Life is metamorphosis. We begin as caterpillars fresh out of the warmth and security of an egg. With wide eyes, we slowly begin to explore the world. Days of discovery and nights of rest lead to the release from the cocoon. The child is a butterfly sailing gaily through the air. Brilliant color gleams from the wings and draws attention to the innocent splendor.
I believe children are genuine beings. I believe they are untainted purity. I believe children care. I believe they are compassionate. Like a butterfly, children enthusiastically soar through the world without realizing their beauty. I believe we were all this way once upon a time.
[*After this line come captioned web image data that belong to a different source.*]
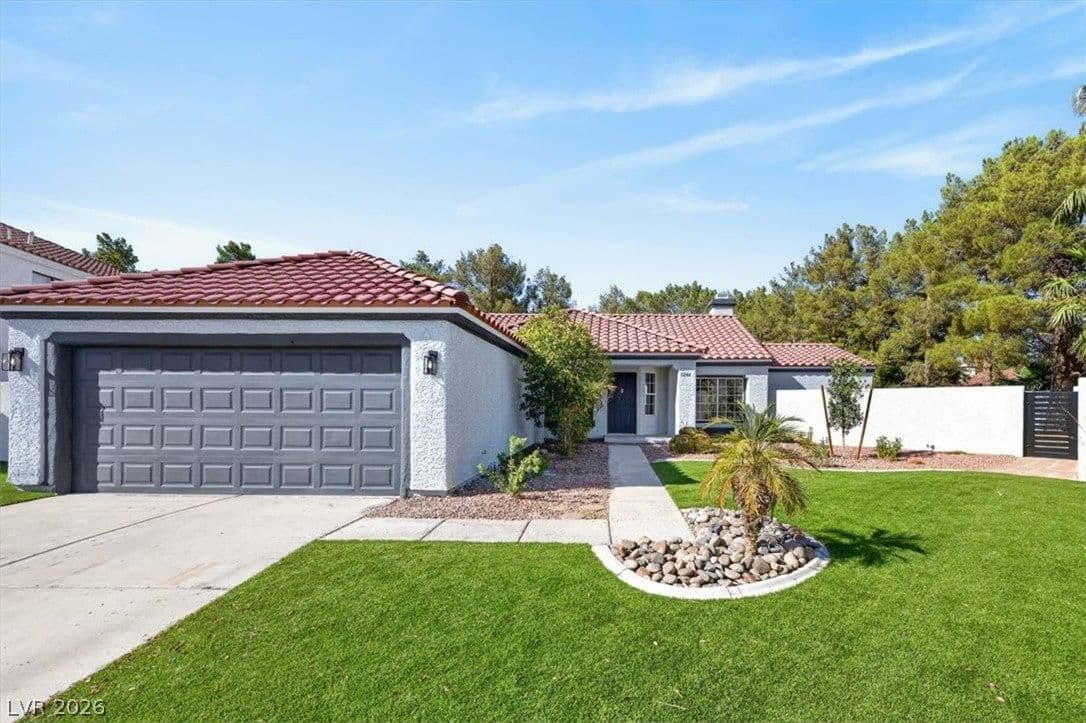 3204 Crescent Run Court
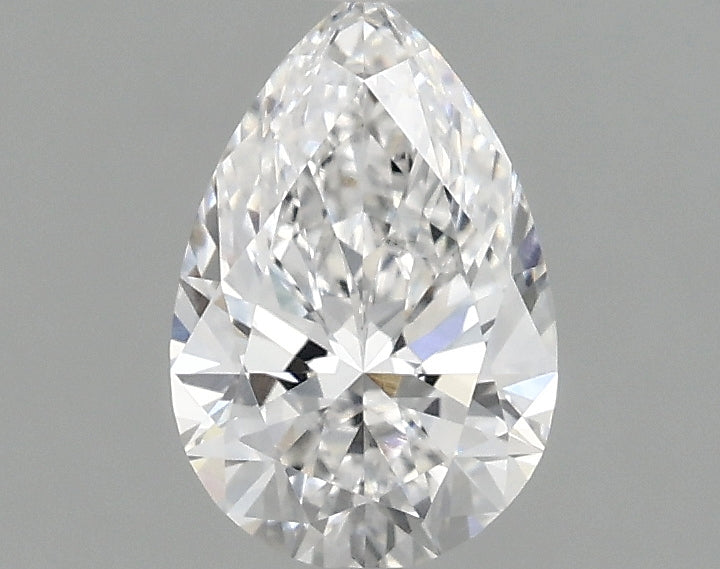 1.03 ct PE Lab-Grown Diamond · D / VS1 · IGI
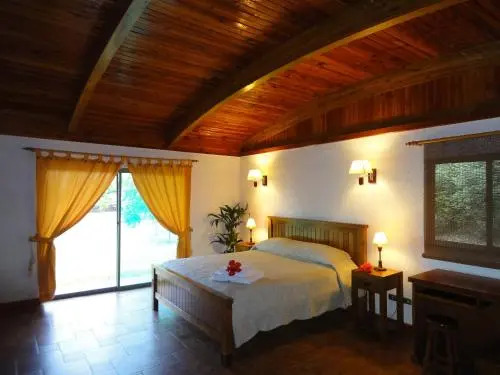 Heva Eco Lodge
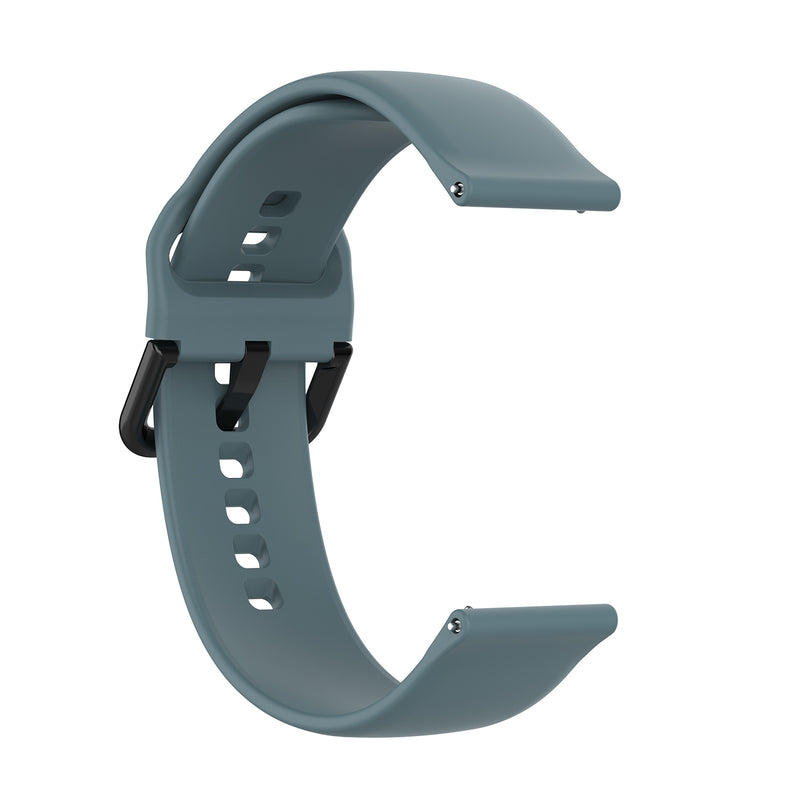 Large one 20mm Silicone Watch Band Longer Watch Strap for Huami Amazfit GTS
I am at the park gazing across the soil. I smile at my children. They leap through the air aimlessly. Glee bursts from their bodies. He gains momentum and darts under the slide. Suddenly he flattens himself on the ground and slithers across the earth. “Hisssss…I’m a snake,” he whispers. She dashes through an expansive field of pansies. Suddenly she stops. She gazes into the crystal clear sky. Her arms extend above her head and she twirls around and around. “I am a princess,” she squeals delightfully.
I think of the ballerina who lived in my jewelry box when I was a little girl. I remember opening the box, listening to the music, and spinning around my room. The ballerina and I danced in the clouds. It was blissful. I lived in the moment. I believe that child was innocent.
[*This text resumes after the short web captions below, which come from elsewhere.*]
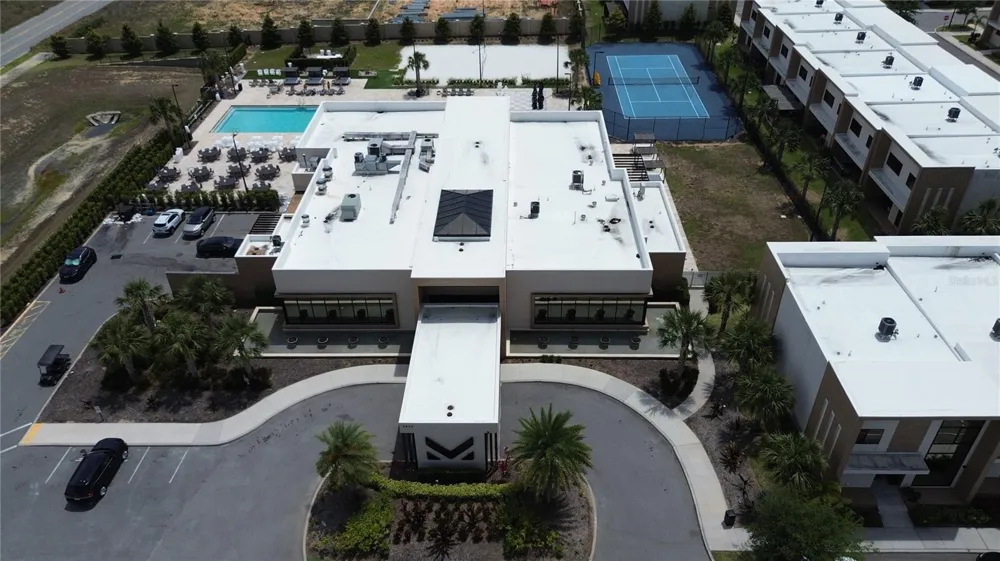 3065 ROCKEFELLER WAY Kissimmee, FL 34747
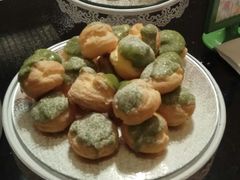 -咖啡苑·沈阳今旅酒店Hotel Jen·香格里拉集团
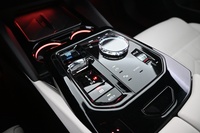 BMW i5 M60 vaihtoauto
I watch my children sit on a pile of pillows scattered in the center of the room. “Don’t fall into the water,” he exclaims as he rocks side-to-side. She rolls off the boat and giggles uncontrollably. “Don’t worry, I can swim,” she cries while moving her chubby legs and arms. I believe they are in the ocean. They share their imaginations.
We walk down a bustling city street. The air is crisp and our breath clouds the way. The children blow hot air through their mouths. They watch smoke shoot out in amazement. Eventually, the novelty wears off and they are cold. I believe children are inspired.
We stop and buy scarves from a vendor. My son gazes upward and stares at the elderly lady. “Why is her face so wrinkly?” he inquires. I explain she has enjoyed many years full of smiles and joy. Happiness is always present and shown through the lines. As I hold his cold, apple-like cheeks in my bare hands he grins, “I hope my face will have lines, too.” I believe children are honest.
The butterfly continues to soar jubilantly. It is curious and eager. I believe children are virtuous. I believe children can teach. I believe we can learn from them. I believe children are butterflies.